To see the difference of influence of the use of

HRM with the control group was done independent

statistical test sample t test on post-test data between

TG and CG. The results show that there is no

significant difference P = 0.195 (P> 0.01).

Based on the results of data analysis, it appears

that the use of HRM in endurance aerobic exercise is

more optimal in improving aerobic capacity. This is

because when a football player using HRM to

control the intensity of the exercise will be easier for

himself to determine the speed of running. When the

heart rate shown at the polar clock is too high

beyond the heart rate of the training target at that

point then the practicing player will reduce the

running speed so that the expected workout intensity

is achieved. In contrast to players who practice

without HRM, which controls their speed only by

intuition or estimate only.
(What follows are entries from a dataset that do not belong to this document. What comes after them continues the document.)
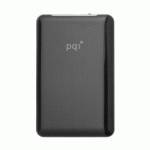 жесткий диск PQI 6550-320GR203A Черный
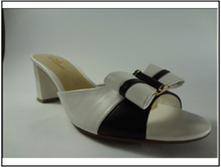 ���� 35,78 ����.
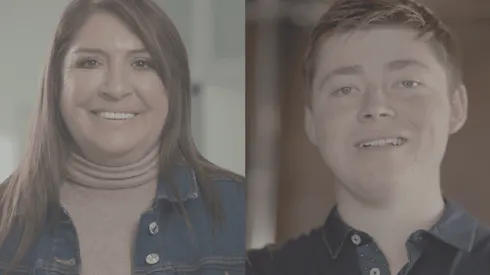 El Discípulo del Chef ya tiene a primeros confirmados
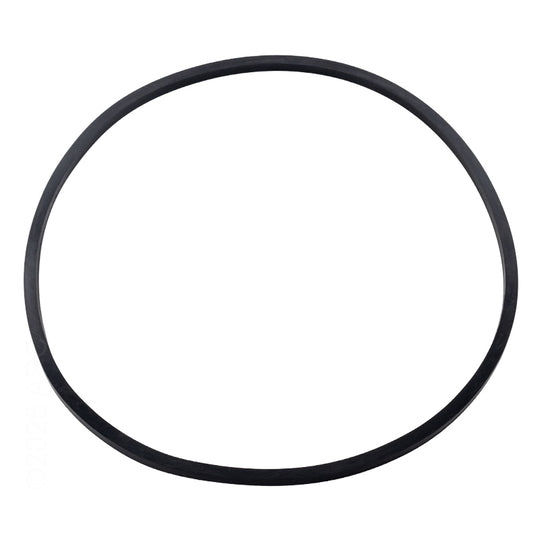 Pentair Max-E-Pro IntelliPro Seal Plate Square O-Ring - 357099Z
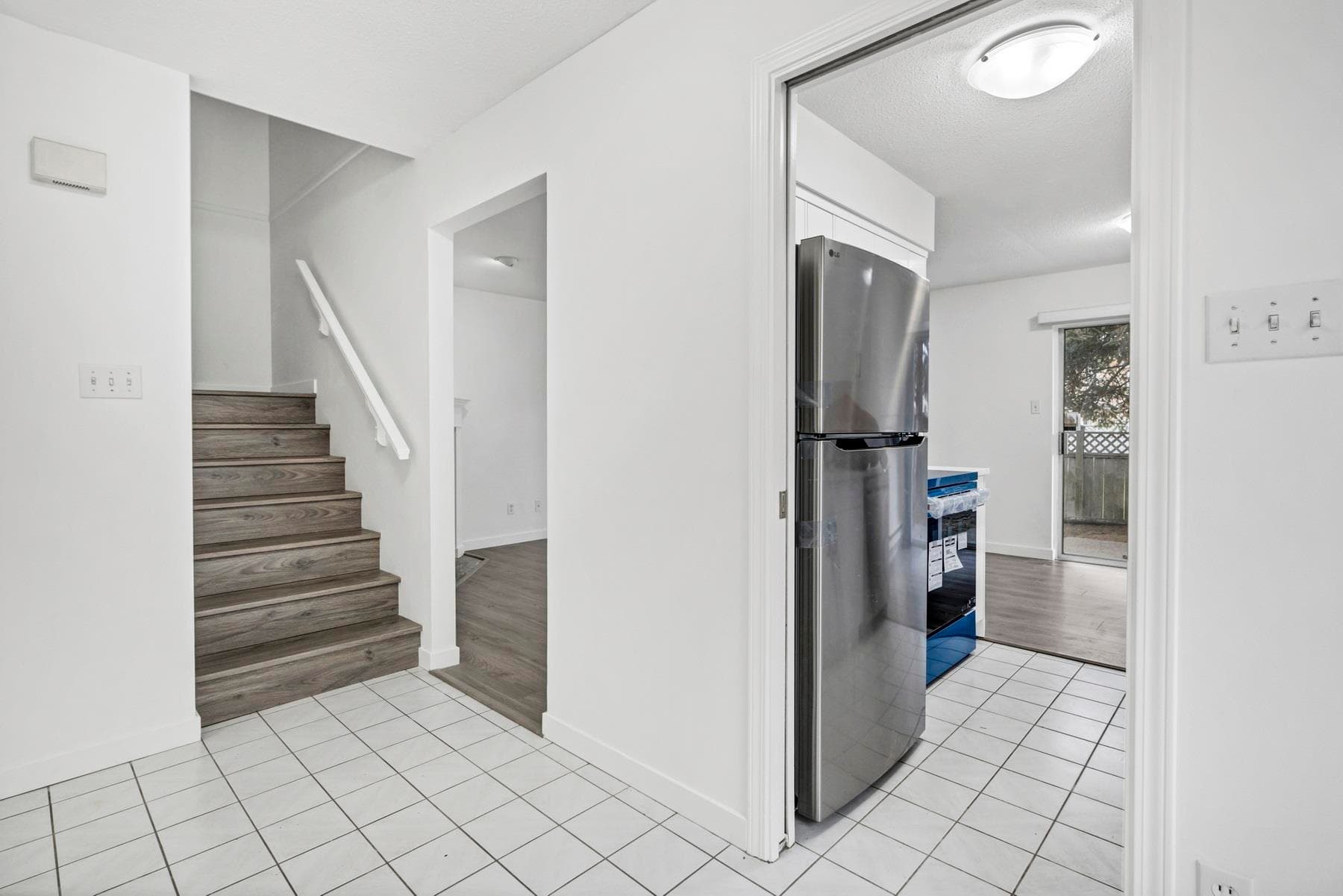 5 - 7091 Blundell Road, Richmond, V6Y 1J5 — photo 3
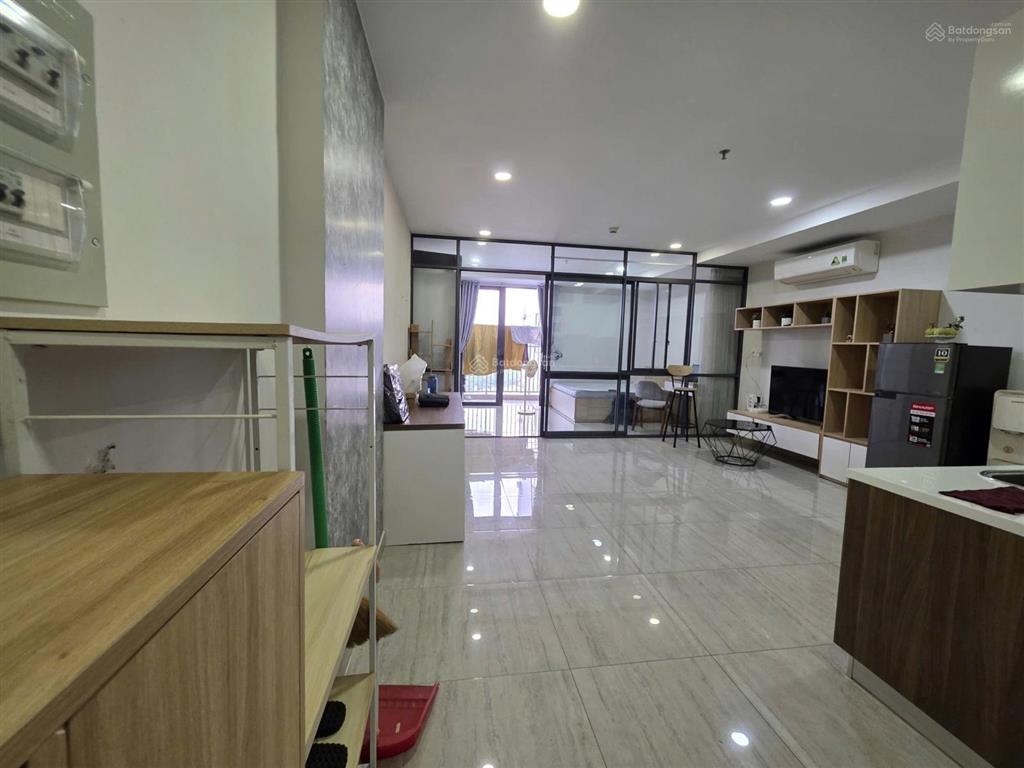 Cho thuê chung cư biconsi tower chợ đình rẻ đẹp ở khu này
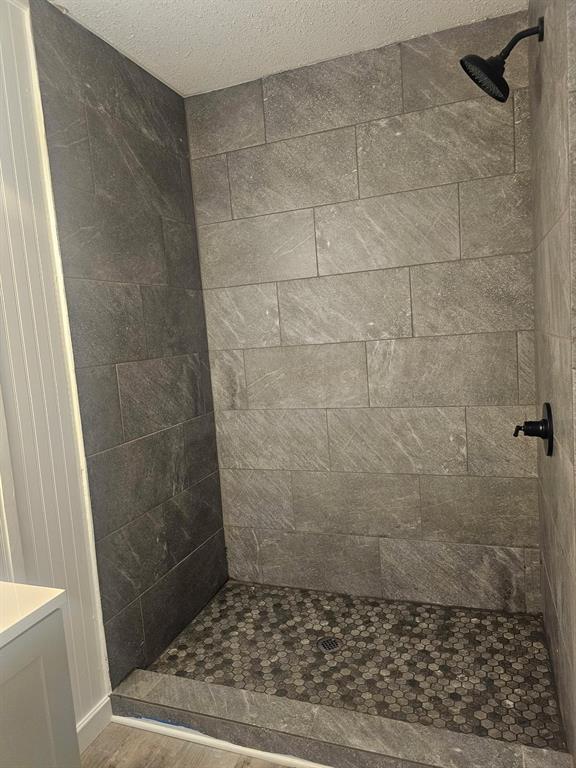 Comanche Harbor - Residential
While in the training

period, a practicing person must adhere to the

intensity of the planned exercise (Bompa 1999;

Bompa 2006; Bompa and Carrera 2005; Bompa and

Haff 2009; Bompa and Buzzichelli 2015).

4 CONCLUSIONS

Endurance is the main physical condition that must

be owned by soccer players. Football players need to

improve their aerobic capacity at the general stage of

the training period. Players will be more optimal in

training their aerobic capacity if it controls heart rate

by using heart rate monitor when practicing.

ACKNOWLEDGEMENTS

The research was funded by the Institution of

Research and Community Service of Universitas

Pendidikan Indonesia.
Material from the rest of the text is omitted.